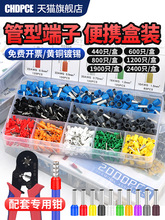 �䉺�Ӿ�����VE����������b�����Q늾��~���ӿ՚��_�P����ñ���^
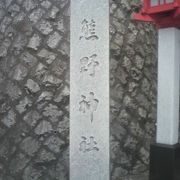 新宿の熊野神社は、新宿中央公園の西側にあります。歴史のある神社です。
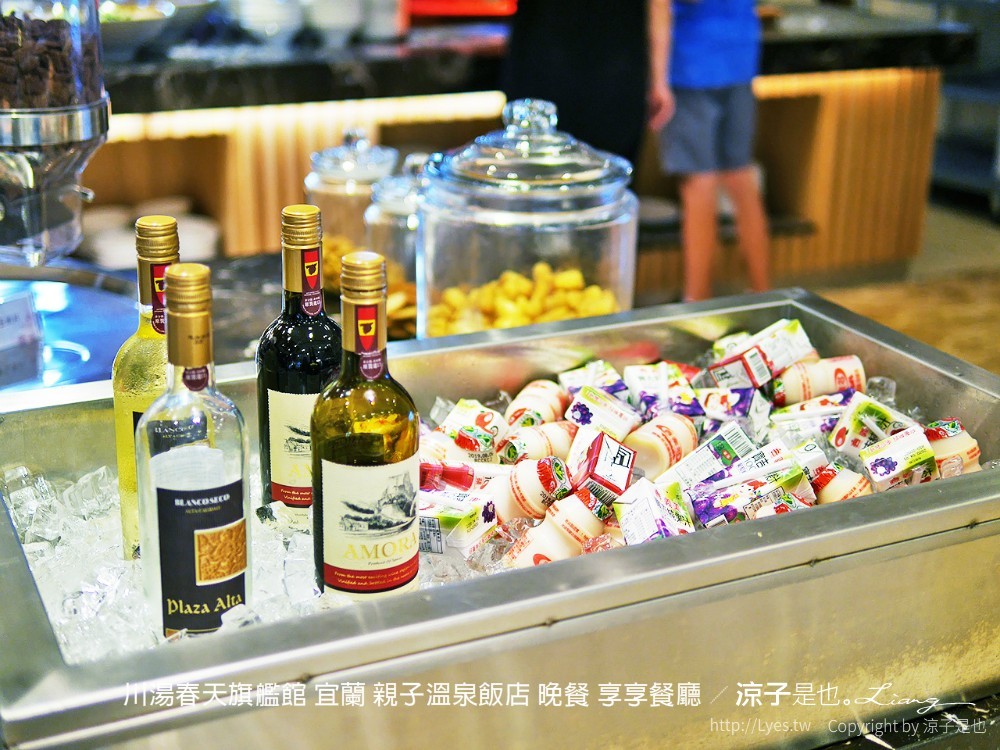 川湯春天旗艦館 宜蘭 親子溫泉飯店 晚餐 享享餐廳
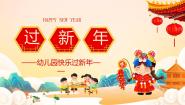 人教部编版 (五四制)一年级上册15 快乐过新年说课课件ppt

...

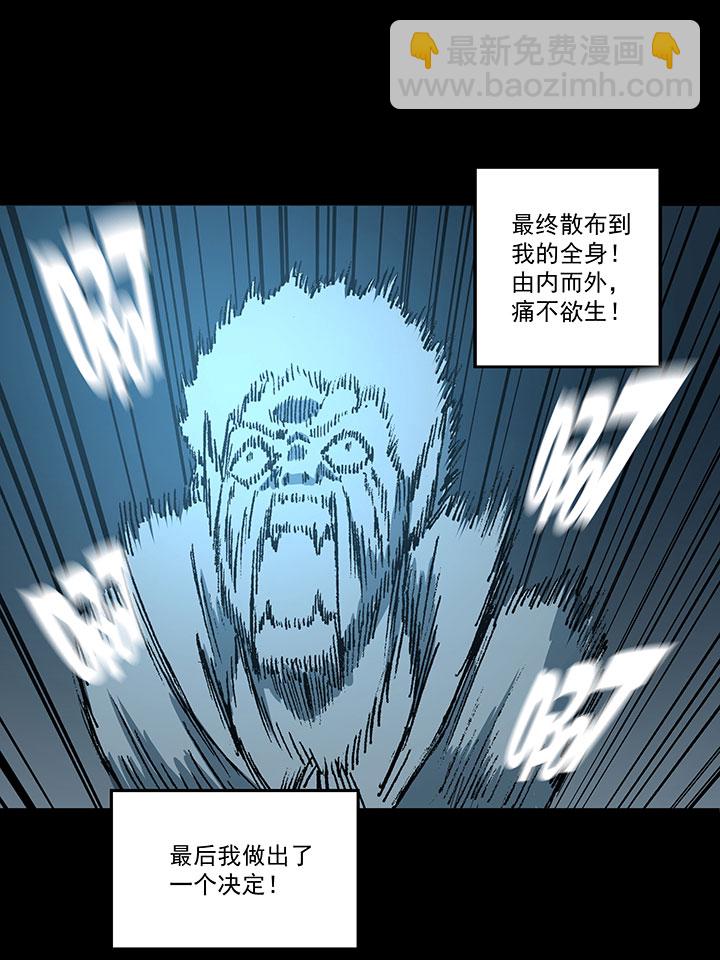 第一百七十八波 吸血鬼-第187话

EXERCISE DETAILS ::
Starting at the line with "新宿の熊野神社は、新宿中央公園の西側にあります。歴史のある神社です。" in the entries above, write out every line exactly until the line with "人教部编版 (五四制)一年级上册15 快乐过新年说课课件ppt" has been written. Include no pictures and nothing more.

RESULT OF THIS TASK ::
 新宿の熊野神社は、新宿中央公園の西側にあります。歴史のある神社です。
 川湯春天旗艦館 宜蘭 親子溫泉飯店 晚餐 享享餐廳
 人教部编版 (五四制)一年级上册15 快乐过新年说课课件ppt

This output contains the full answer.